AUS WASHINGTON DOROTHEA HAHN

Die angekündigten US-Waffenlieferungen nach Syrien spalten die internationale Gemeinschaft tief. Während der CIA den Transport und die Übergabe der Militärhilfe an die Rebellen vorbereitet, bezweifeln sowohl die politische Spitze in Moskau als auch die UN die Aussagekraft der Analyse über den Einsatz von Chemiewaffen in Syrien. Wladimir Putin nennt die Analyse „nicht beweiskräftig“. Sein Außenminister Sergei Lawrow bemängelt, dass die Entnahme und der Transport der Proben, die den Einsatz von Chemiewaffen belegen sollen, nicht nach den internationalen Regeln erfolgt sei. Und UN-Generalsekretär Ban Ki Moon spricht am Samstag weiterhin von einem „angeblichen Einsatz von Chemiewaffen“. Zudem versichert der UN-Chef, dass es keine militärische Lösung in dem Konflikt in Syrien geben könne. In Schweden warnt Außenminister Carl Bildt vor einem Rüstungswettlauf: „Es besteht das Risiko, dass er die Bedingungen für den politischen Prozess zerstört“, sagte er.

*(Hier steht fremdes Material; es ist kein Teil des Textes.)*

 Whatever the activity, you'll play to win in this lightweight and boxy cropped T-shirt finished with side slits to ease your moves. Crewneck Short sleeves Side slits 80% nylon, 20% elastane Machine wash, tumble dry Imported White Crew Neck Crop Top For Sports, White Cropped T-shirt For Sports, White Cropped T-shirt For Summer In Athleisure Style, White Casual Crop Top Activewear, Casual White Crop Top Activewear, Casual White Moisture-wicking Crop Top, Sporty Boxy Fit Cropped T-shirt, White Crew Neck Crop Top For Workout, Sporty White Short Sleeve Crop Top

Der Chef der syrischen Rebellen hingegen freut sich über die lang erhoffte Kehrtwende in Washington. General Selim Idriss, der vor elf Monaten von der syrischen Armee zu den Rebellen übergewechselt ist, sagt jedoch, die Waffenhilfe komme spät. Und verlangt wie schon zuvor, dass Washington nicht nur Schusswaffen und Munition, sondern auch Panzer- und Flugzeugabwehrraketen liefert. Wenn sie diese Waffen erhielten, könnten die Rebellen binnen sechs Monaten siegen, meint Idriss. Noch vor drei Monaten hatte er in einem Interview versichert, mit tragbaren Abwehrraketen könnten seine Leute „binnen einem Monat“ siegen. Damals hatte er die Zahl seiner Kämpfer mit 300.000 angegeben. Die US-Spitze geht davon aus, dass in Syrien 70.000 Rebellen unter Waffen stehen. In den vergangenen Wochen haben die Rebellen zahlreiche Positionen verloren wie die Stadt Kusair an der libanesisch-syrischen Grenze.

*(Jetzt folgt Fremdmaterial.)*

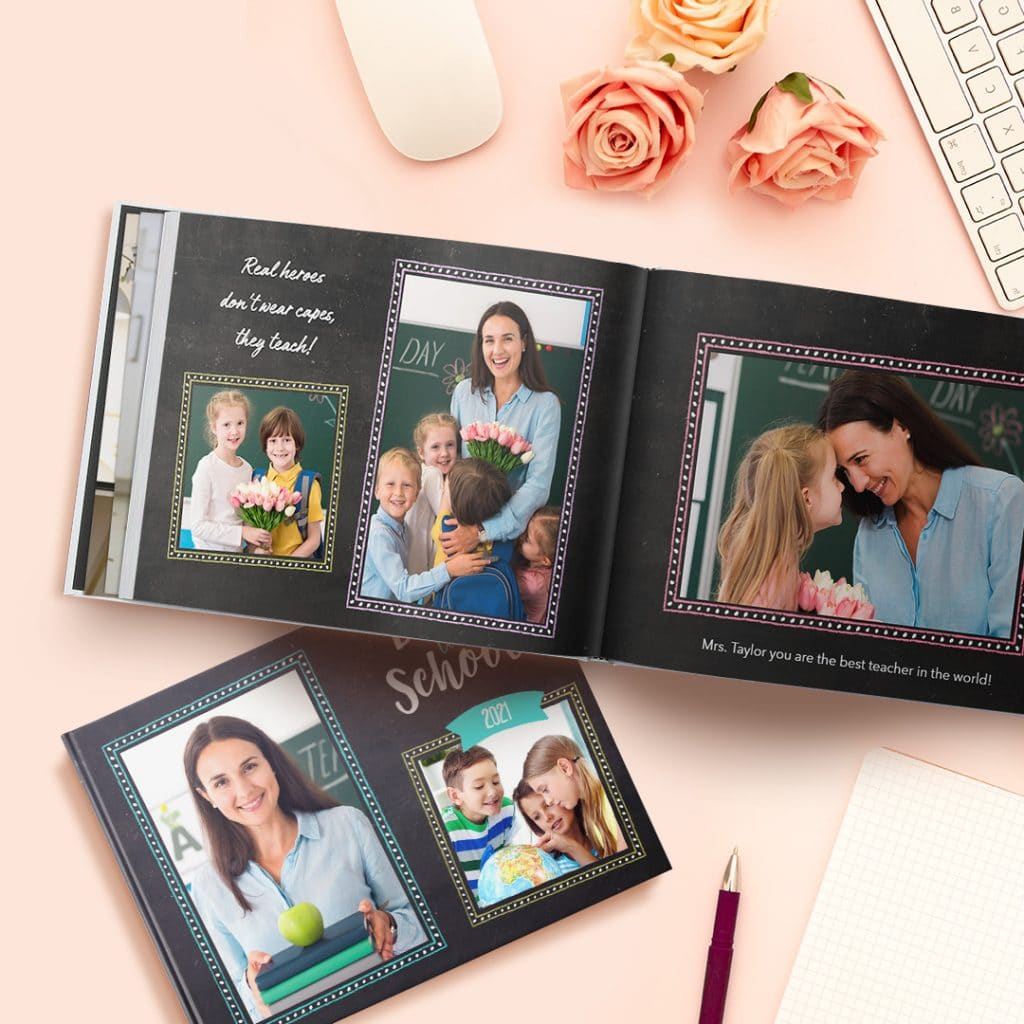 An open and a closed photo book with images of smiling children and their teacher presented on a pink surface with roses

Experten in Washington vermuten, dass die USA auch ihre Opposition gegen die Lieferung schwereren Kriegsgerätes aus verschiedenen Golfstaaten an die Rebellen aufgeben könnten. Damit könnten regionale Partner der USA – darunter Katar, die Arabischen Emirate und Saudi-Arabien – stellvertretend Kriegsgerät an die Rebellen liefern.

Die USA beteiligen sich gegenwärtig an dem Militärmanöver „Eager Lion“ in Jordanien. Die insgesamt 8.000 ausländischen Soldaten stammen aus 19 Ländern. Neben anderen Nato-Mitgliedern und mehreren Golfstaaten ist auch Deutschland beteiligt. Nach dem Ende des Manövers wollen die USA ihre F-16-Kampfflugzeuge und Patriot-Raketen in Jordanien belassen.

Schon seit vergangenem Jahr unterhalten die USA eine „Task Force“ in einer Militärbasis im Norden des Landes, nur 50 Kilometer von der syrischen Grenze entfernt. Unter anderem soll die „Task Force“ syrische Rebellen militärisch schulen. Die „Task Force“ war laut New York Times im vergangenen Jahr auch an der Entwicklung von Plänen für die Einrichtung einer Pufferzone entlang der syrisch-jordanischen Grenze beteiligt.

Die öffentliche Meinung in den USA ist gegen einen neuen Kriegseinsatz. Und Präsident Barack Obama hat sich seit Beginn des Konflikts in Syrien 27 Monate lang öffentlich geweigert, direkt einzugreifen. Doch eine wachsende Lobby in Washington drängt laut auf Waffenlieferungen und die Einrichtung einer Flugverbotszone. Ende Mai besuchte der republikanische Expräsidentschaftskandidat John McCain den syrischen Rebellenchef Idriss persönlich. Dienstag vergangener Woche schwenkte auch der demokratische Expräsident Bill Clinton um. Wer sich hinter Meinungsumfragen verstecke, sei ein „Narr“ sagte Clinton – ohne Präsident Obama namentlich zu erwähnen.

US-Außenminister John Kerry hält eine „politische Lösung“ in Syrien weiterhin für möglich. Aber wegen der Chemiewaffen für „weniger wahrscheinlicher“. Am Montag – während Obama bei dem G-8-Gipfel Putin trifft – wird Kerry erneut seinen russischen Kollegen Lawrow treffen. Zuletzt hatten die beiden Politiker eine Konferenz für Gespräche zwischen dem syrischem Regime und Rebellen für Juli in Genf vorbereitet.